I don't have the time right now to fully respond; I'll try to do so later. However, let me quote Hegel from the Philosophy of Nature on sound and heat:
"Sound is the change in the specific condition of segregation of the material parts,a dn in teh negation of this condition ;--merely and abstract or an ideal ideality, as it were, of that specification. But this change, accordingly, is itself immediately the real ideality of specific gravity and cohesion, i.e.--heat. The heating up of shounding bodies, just as of beaten or rubbed ones, is the appearance of heat, originating concptually together with sound." and "Heat is the self-restoration of matter in its formlessness, its liquidity the triumph of its abstract homogeneity over specific definiteness, its abstract, purely self-existing continuity, as negation of negation, is here set as activity". And The Philosophy of Nature is full of such definitions.
Hegel isn't even saying anything; he's simply babbling and attempting to sound deep and profound.
And the philosophy of history always comes down to, although I'm sure Hegel would try and dialectically find a way out, the following:
Each age has its necessary developments and philosophies for its particular age. Since real=ideal then whatever is real is ideal and, hence, rational. Thus, any development, any change, any possible future is in itself absolutely rational as the world-spirit moves humanity towards Absolute Knowledge. Hitler, Stalin, Mussolini . . . each and every one a necessary development given the stages humanity was passing through at the time. Anything that ever happens does so because 'it occurs in its ideal reality within the absolute pervading continuity of advancing conceptuality of the absolute subjectivity of the objective world-spirit' (am I dialectical enough, yet?)

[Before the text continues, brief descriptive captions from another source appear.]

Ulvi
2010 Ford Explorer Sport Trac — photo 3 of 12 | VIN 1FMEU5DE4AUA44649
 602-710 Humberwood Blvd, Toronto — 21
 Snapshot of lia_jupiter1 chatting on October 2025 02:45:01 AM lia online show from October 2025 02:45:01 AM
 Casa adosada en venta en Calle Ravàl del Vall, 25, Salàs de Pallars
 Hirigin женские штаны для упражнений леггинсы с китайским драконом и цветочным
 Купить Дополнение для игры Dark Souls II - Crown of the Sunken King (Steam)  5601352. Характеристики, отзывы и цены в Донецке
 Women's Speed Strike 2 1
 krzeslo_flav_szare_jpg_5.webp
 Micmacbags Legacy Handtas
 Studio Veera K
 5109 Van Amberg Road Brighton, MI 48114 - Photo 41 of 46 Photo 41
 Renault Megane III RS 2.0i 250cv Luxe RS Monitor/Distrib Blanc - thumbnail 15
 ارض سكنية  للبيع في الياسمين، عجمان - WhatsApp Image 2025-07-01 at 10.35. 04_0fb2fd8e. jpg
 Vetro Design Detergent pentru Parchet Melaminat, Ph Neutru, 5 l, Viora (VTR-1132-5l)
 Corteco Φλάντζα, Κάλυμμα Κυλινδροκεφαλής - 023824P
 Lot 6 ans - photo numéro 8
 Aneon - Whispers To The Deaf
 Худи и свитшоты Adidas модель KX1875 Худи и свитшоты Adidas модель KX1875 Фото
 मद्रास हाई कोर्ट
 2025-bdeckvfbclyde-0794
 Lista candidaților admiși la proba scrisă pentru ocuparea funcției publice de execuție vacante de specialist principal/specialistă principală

Marx made rational, although flawed and incorrect, assertions regarding humanity and its progress. Hegel just babbled. In fact, most of what I saw posted didn't even mean anything; it was simply profundity intertwined with profundity. On the most abstract level, even my denial of any validity of Hegel's thought should fall within Hegel's absolute dialectic. It produces it's own negation, as Hegel would have said, and is completely self-defeating and contradictory. Such philosophy takes a few true observations (see below)and then mixes it with insane babble to produce profound nonsense.
Hegel's whole philosophy in one sentence is "what happens, happens; what doesn't, doesn't". Well, no shit. While this may be completely true it says aboslutely nothing about how we, as human beings, can operate in this world and it therefore is completely irrelevant and void of any real (or is it ideal? heh heh) meaning. Hegel's philosophy is the most insane, irrational, and nonsensical system ever developed in history, but it truisms make it sound deep and profound and this accounts for its prevasive and utter corruption of thought.